> EXERCISE DESCRIPTION: Please reproduce the lines from the one containing "Certified 2023 Hyundai Elantra SEL image 11" through the end of the data below exactly as they stand, and omit all pictures.

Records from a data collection
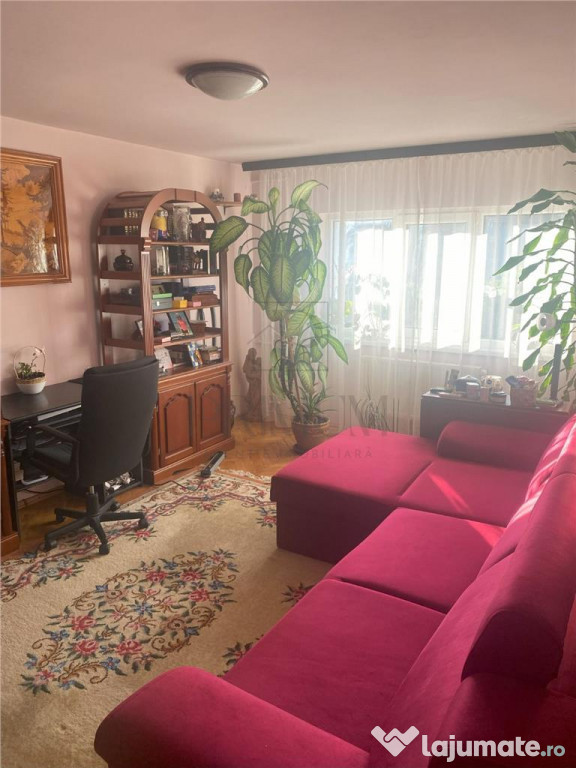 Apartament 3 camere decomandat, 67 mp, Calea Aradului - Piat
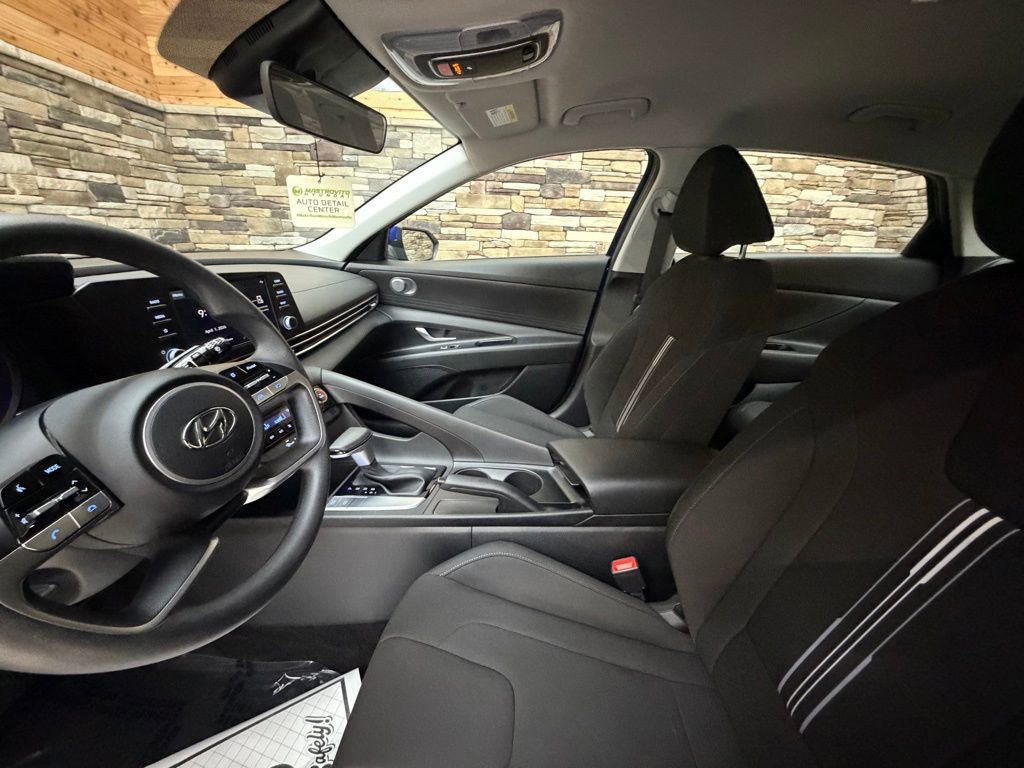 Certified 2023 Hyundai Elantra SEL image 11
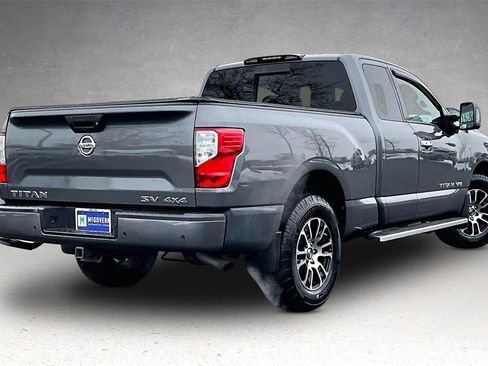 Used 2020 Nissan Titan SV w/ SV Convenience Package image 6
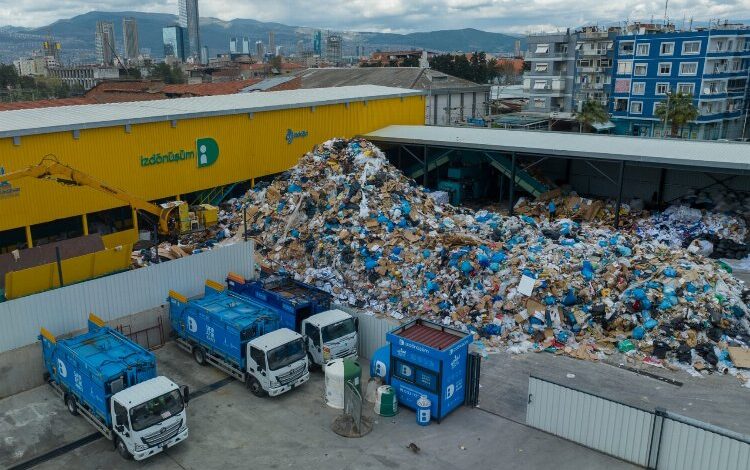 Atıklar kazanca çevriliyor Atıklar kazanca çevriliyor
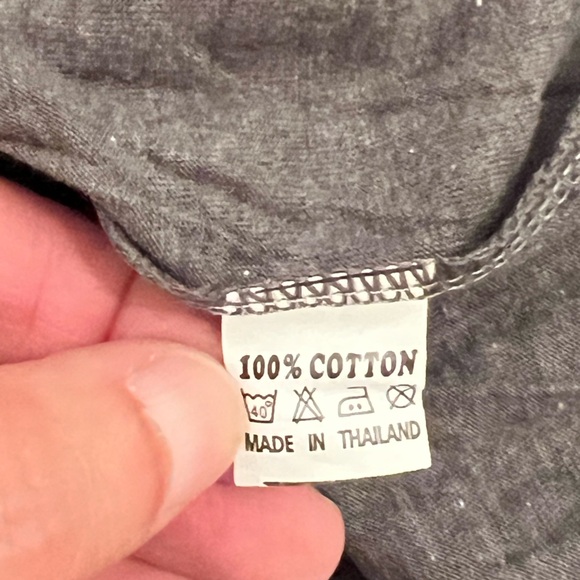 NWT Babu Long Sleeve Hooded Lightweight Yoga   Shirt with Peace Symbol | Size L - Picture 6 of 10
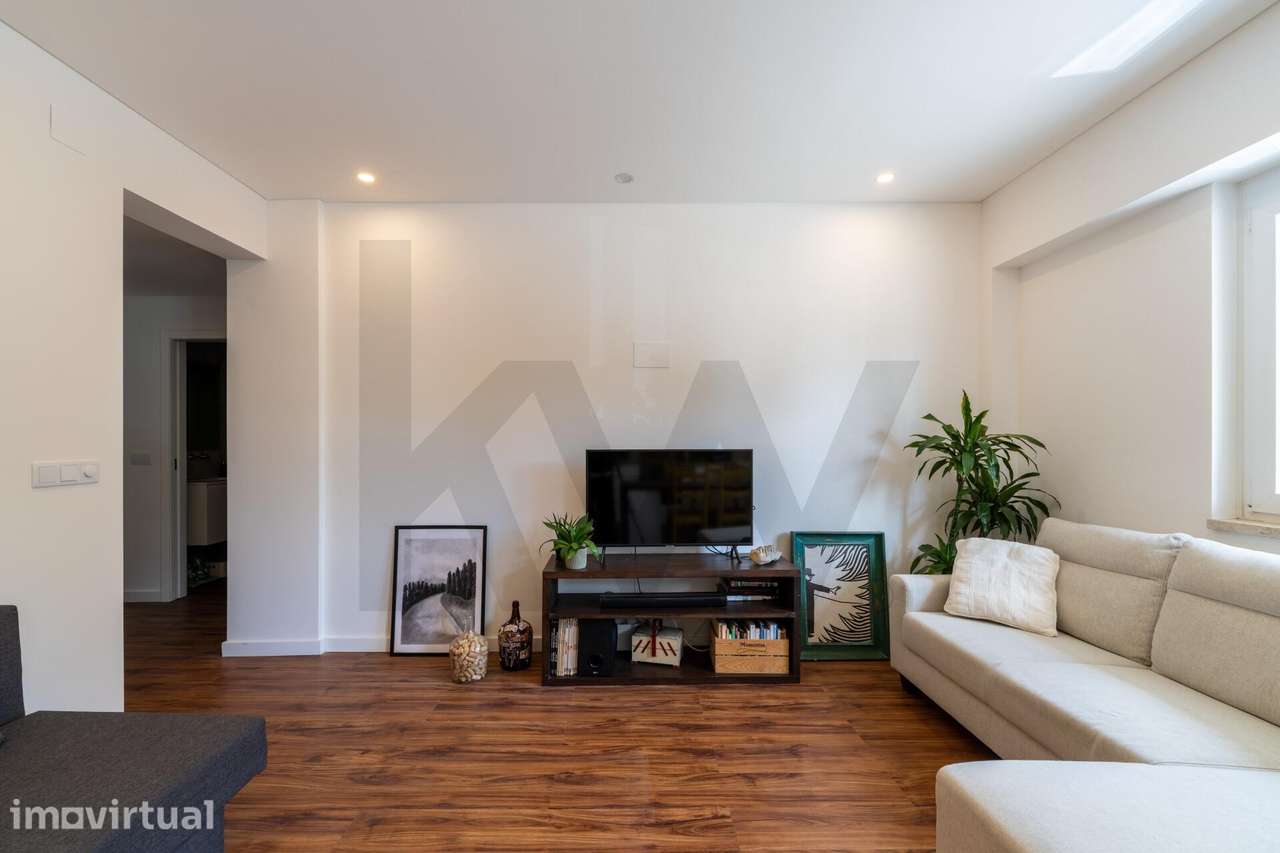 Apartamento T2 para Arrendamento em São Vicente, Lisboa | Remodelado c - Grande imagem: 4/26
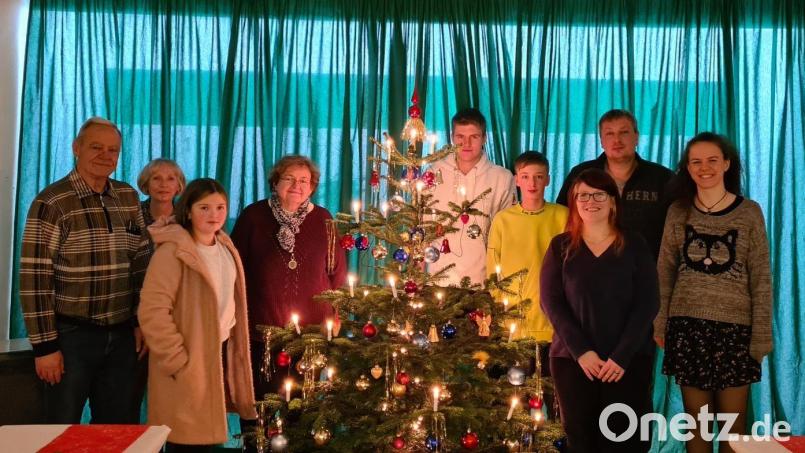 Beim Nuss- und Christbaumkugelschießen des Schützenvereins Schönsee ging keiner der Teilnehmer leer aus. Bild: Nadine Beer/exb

> EXERCISE RESPONSE:
 Certified 2023 Hyundai Elantra SEL image 11
 Used 2020 Nissan Titan SV w/ SV Convenience Package image 6
 Atıklar kazanca çevriliyor Atıklar kazanca çevriliyor
 NWT Babu Long Sleeve Hooded Lightweight Yoga   Shirt with Peace Symbol | Size L - Picture 6 of 10
 Apartamento T2 para Arrendamento em São Vicente, Lisboa | Remodelado c - Grande imagem: 4/26
 Beim Nuss- und Christbaumkugelschießen des Schützenvereins Schönsee ging keiner der Teilnehmer leer aus. Bild: Nadine Beer/exb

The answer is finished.